Lors du débat, les trois prétendants à la présidence de LR n’ont également pas pu cacher leurs désaccords de fond sur la question des retraites. Quand M. Retailleau a défendu la réforme votée par la droite sénatoriale en faveur d’un report à 64 ans et de l’allongement de la durée de cotisation, Aurélien Pradié, qui s’est dit « soucieux d’incarne[r] la droite populaire » s’est prononcé pour une réforme « basée sur les annuités ». Le député des Alpes-Maritimes a lui défendu une ligne de « synthèse » entre les deux. Mais quand le député lotois a affirmé que la réforme des retraites était pour lui une ligne rouge, MM. Ciotti et Retailleau ont eux admis qui si elle répondait aux aspirations de la droite, ils pourraient la voter.
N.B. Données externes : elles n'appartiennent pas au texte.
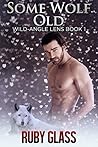 Some Wolf Old (Wild-Angle Lens, #1)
Au sujet de l’inscription de l’IVG dans la Constitution, seul le sénateur vendéen, connu pour ses positions conservatrices sur les questions de société, s’est exprimé en défaveur, critiquant une idée « importée par l’extrême gauche des Etats-Unis ». Il a été mis en difficulté par ses adversaires, à l’instar d’Eric Ciotti qui a plaidé pour que la droite républicaine soit « en phase avec la société » et non pas tournée vers le passé.

Interrogés au terme de l’émission sur l’avenir de LR, les trois candidats ont enfin jugé que l’espace politique continuait d’exister pour leur parti entre la macronie et l’extrême droite. « Je veux que ce parti redevienne plus moderne, plus populaire », a déclaré Aurélien Pradié, tandis que M. Retailleau a assuré que la droite devait défendre une « ligne claire sur le régalien et l’économie ». Eric Ciotti a lui promis de reconstruire sa famille politique en fixant l’objectif pour LR de remporter la présidentielle de 2027, grâce à la candidature de Laurent Wauquiez.
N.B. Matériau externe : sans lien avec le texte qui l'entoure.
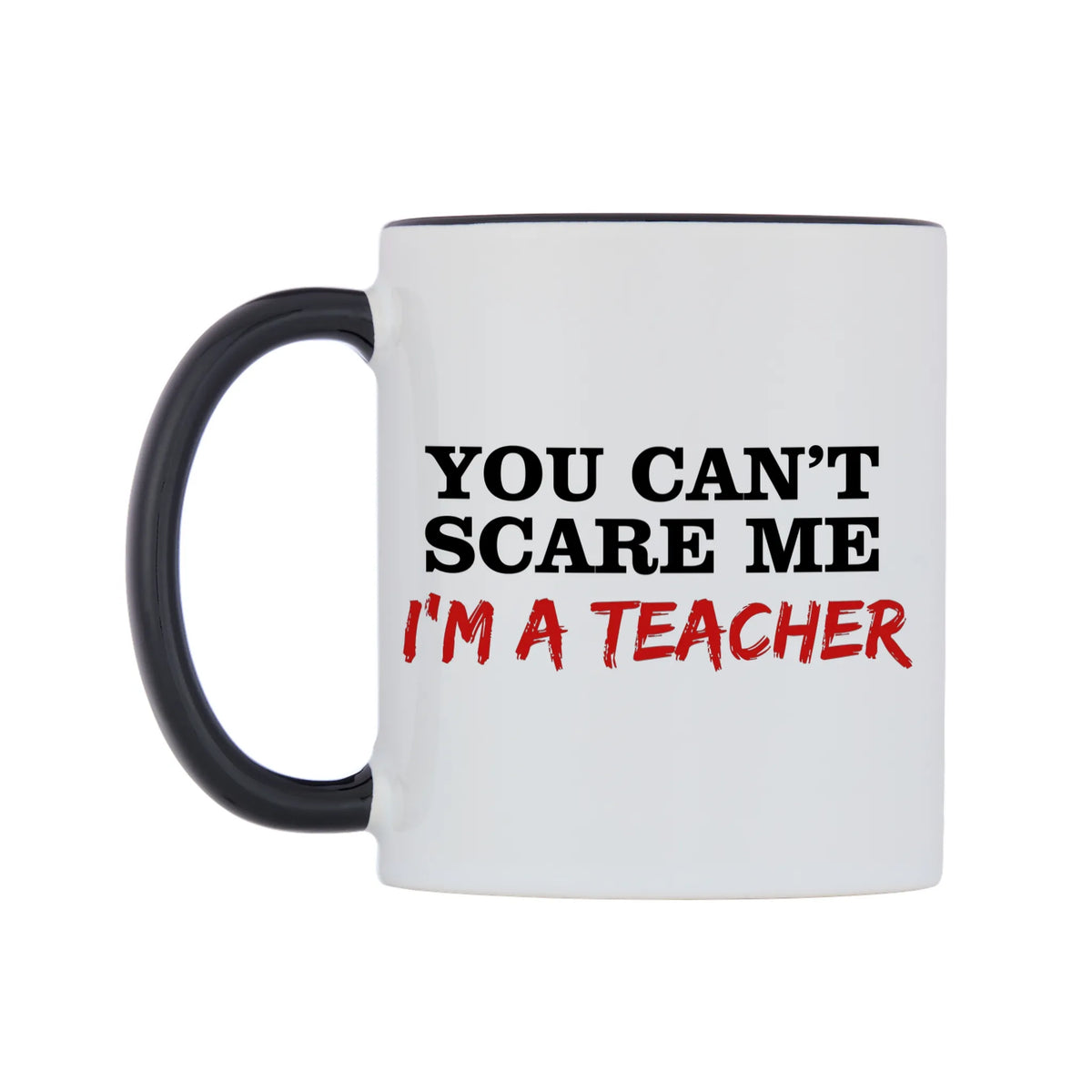 You Can't Scare Me I'm a Teacher Mug — white 11oz gloss mug with a black inside and handle, right side, on a white background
Tous ont également tenu à rappeler leur ligne assumée de rupture avec les années Nicolas Sarkozy. Le sondage relayé par M. Retailleau le disant mieux placé auprès des adhérents que M. Ciotti et le sujet du cumul d’emplois par l’ex-femme du député des Alpes-Maritimes n’ont en revanche pas été abordés lors du débat. Les trois candidats doivent désormais se retrouver samedi devant le conseil national du parti pour un dernier grand oral avant le congrès.